Por trás de cada dado estatístico sobre mortalidade, existe uma história interrompida e uma família fragmentada. É com esse olhar humanizado, focado em transformar a dor em prevenção, que a Diretoria de Vigilância Epidemiológica (Divep), por meio da Coordenação de Vigilância de Óbitos (Coveo), promove a Oficina Estadual de Vigilância de Óbitos. O evento acontece entre os dias 25 a 27 de maio, no auditório Lúcia Alencar, localizado na sede da Secretaria da Saúde do Estado da Bahia (Sesab), em Salvador.
O encontro reúne referências técnicas regionais da Vigilância de Óbitos, Atenção Básica, do Sistema de Informação sobre Mortalidade (SIM) e de maternidades. O propósito vai muito além do preenchimento de relatórios: a meta é qualificar a investigação de mortes fetais e infantis, maternas, de pessoas com possibilidade de gestar (na faixa etária de 10 a 49 anos) e daquelas com causas mal definidas. O objetivo final é compreender as falhas do passado para garantir que milhares de famílias baianas tenham acesso a serviços de saúde de qualidade.

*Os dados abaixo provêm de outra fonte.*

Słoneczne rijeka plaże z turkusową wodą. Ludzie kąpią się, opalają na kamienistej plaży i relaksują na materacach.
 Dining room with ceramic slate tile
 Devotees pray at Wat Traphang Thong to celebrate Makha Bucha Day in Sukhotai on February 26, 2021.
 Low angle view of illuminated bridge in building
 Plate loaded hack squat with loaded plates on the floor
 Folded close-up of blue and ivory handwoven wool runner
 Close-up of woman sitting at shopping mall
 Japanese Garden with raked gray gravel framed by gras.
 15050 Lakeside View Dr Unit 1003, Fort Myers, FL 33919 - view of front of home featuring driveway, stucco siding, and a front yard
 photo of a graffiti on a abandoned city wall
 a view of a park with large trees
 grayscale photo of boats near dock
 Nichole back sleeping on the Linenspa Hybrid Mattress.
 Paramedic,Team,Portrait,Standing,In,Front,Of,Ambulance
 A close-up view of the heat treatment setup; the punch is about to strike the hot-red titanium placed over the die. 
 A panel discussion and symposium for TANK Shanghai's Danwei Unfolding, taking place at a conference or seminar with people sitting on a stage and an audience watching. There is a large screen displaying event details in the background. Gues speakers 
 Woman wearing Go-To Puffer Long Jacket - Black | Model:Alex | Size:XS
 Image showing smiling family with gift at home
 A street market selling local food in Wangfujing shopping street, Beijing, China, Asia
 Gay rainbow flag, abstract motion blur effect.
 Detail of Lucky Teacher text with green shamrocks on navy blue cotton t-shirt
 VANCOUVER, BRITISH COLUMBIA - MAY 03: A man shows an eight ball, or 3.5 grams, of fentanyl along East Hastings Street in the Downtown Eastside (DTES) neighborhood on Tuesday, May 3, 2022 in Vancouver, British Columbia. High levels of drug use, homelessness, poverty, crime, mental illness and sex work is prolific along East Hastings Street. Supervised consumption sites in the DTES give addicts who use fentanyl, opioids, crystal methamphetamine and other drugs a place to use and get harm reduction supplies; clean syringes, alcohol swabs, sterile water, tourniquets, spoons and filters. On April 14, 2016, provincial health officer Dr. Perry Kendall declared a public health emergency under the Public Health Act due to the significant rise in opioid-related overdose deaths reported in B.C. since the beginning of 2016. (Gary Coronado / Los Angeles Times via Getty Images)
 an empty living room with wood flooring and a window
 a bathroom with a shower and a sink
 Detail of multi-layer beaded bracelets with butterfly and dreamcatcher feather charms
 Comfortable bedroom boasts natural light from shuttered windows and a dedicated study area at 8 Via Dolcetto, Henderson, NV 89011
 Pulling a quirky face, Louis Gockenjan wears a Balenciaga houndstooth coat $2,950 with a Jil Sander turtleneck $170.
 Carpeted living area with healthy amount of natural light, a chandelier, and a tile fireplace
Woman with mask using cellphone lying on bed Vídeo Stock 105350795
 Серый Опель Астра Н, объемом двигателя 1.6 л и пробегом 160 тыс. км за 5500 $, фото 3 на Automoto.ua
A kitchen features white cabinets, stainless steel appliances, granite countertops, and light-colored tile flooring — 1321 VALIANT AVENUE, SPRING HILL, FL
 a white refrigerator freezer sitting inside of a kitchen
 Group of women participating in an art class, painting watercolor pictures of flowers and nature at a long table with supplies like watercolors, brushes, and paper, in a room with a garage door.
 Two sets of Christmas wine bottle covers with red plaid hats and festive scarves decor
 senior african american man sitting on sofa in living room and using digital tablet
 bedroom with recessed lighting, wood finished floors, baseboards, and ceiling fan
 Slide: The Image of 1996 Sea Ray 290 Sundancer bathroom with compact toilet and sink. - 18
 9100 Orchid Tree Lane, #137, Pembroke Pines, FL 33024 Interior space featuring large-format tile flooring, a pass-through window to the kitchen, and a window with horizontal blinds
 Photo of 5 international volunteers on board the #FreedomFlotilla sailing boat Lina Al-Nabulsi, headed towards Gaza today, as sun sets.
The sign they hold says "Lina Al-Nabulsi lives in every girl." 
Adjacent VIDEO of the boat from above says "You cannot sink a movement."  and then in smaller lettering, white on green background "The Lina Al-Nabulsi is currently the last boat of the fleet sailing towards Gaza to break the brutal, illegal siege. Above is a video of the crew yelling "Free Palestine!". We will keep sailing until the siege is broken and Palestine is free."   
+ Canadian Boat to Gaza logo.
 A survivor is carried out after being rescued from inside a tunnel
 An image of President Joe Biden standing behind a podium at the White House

Para os cidadãos, o impacto de uma ação técnica como esta é direto e vital. Quando o Estado aprimora a investigação de uma morte, descobre exatamente onde o sistema de saúde falhou, seja na ausência de uma consulta de pré-natal ou na demora de um atendimento de urgência. Na prática, esse diagnóstico humanizado se converte em maternidades mais seguras, na redução de mortes evitáveis e no desenho de políticas públicas mais eficientes.
Além disso, o encontro traz uma estratégia crucial para o cenário atual: a integração entre a Sesab e a Secretaria de Segurança Pública (SSP) para aprimorar a investigação de mortes de mulheres e aperfeiçoar as ferramentas de combate ao feminicídio.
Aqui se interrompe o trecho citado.